For this DTW-based measure, the following parameters can be set.

Parameter	Type/Range	Default Value	Description
halvingDist	Percentage (Double, [0,1])	`0.0`	This parameter specifies the distance to the end where the events’ importance shall be one half.
taskSimName	Similarity Measure (String)	`null`	The parameter is used to define, which similarity has to be taken for the similarity computation between task nodes. It will be used to calculate local similarities between their semantic descriptions, represented as aggregate objects. The similarity measure, which is referred, must exist in the runtime domain, too. Otherwise, an exception will be thrown. If no `taskSimName` is defined, a data class similarity will be searched. If this one can’t be found, too, an invalid similarity will be returned.
dataSimName	Similarity Measure (String)	`null`	The parameter is used to define, which similarity has to be taken for the similarity computation between data nodes. It will be used to calculate local similarities between their semantic descriptions, represented as aggregate objects. The similarity measure, which is referred, must exist in the runtime domain, too.
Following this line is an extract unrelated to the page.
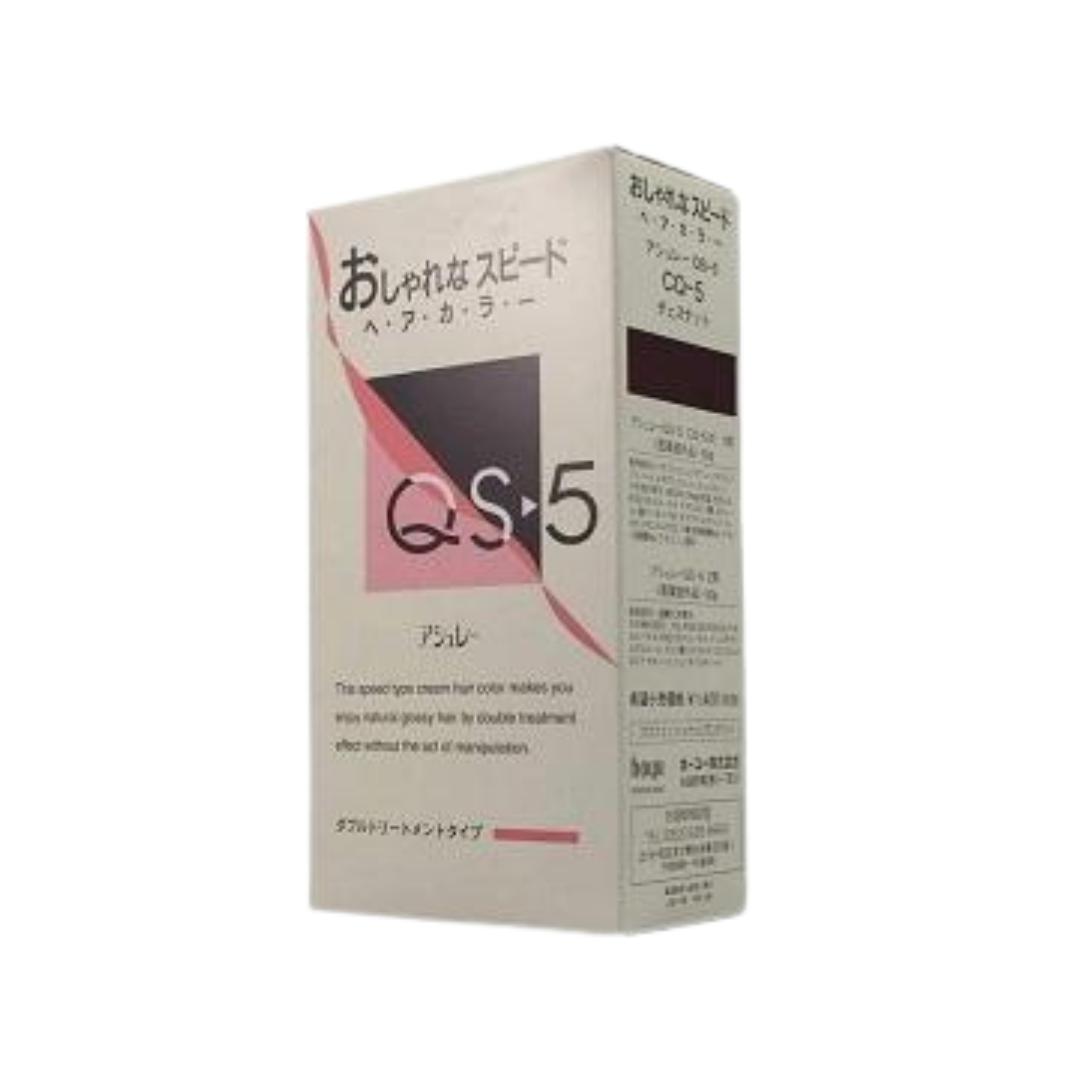 QS-5.E CQ-5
Otherwise, an exception will be thrown. If no `dataSimName` is defined, a usable data class similarity will be searched. If this one can’t be found, too, an invalid similarity will be returned.
endWithQuery	Flag (boolean)	`true`	This parameter configures the binding to always end the alignment with the last task of the query can be disabled.
ignoreDifferentBeginnings	Enumeration (String)	`NONE`	This parameter changes the similarity measure so that different beginnings are taken into account in the similarity calculation. It is possible to consider different beginnings in the case (IGNORE_DIFFERENT_BEGINNINGS_CASE), in query and case (IGNORE_DIFFERENT_BEGINNINGS_CASE_AND_QUERY) or to consider no different beginnings at all (NONE).
localSimilarities	Flag (boolean)	`false`	This parameter modifies the returned similarity object of query and case, if this parameter is set to true, the local similarities are added to the similarity object of query and case.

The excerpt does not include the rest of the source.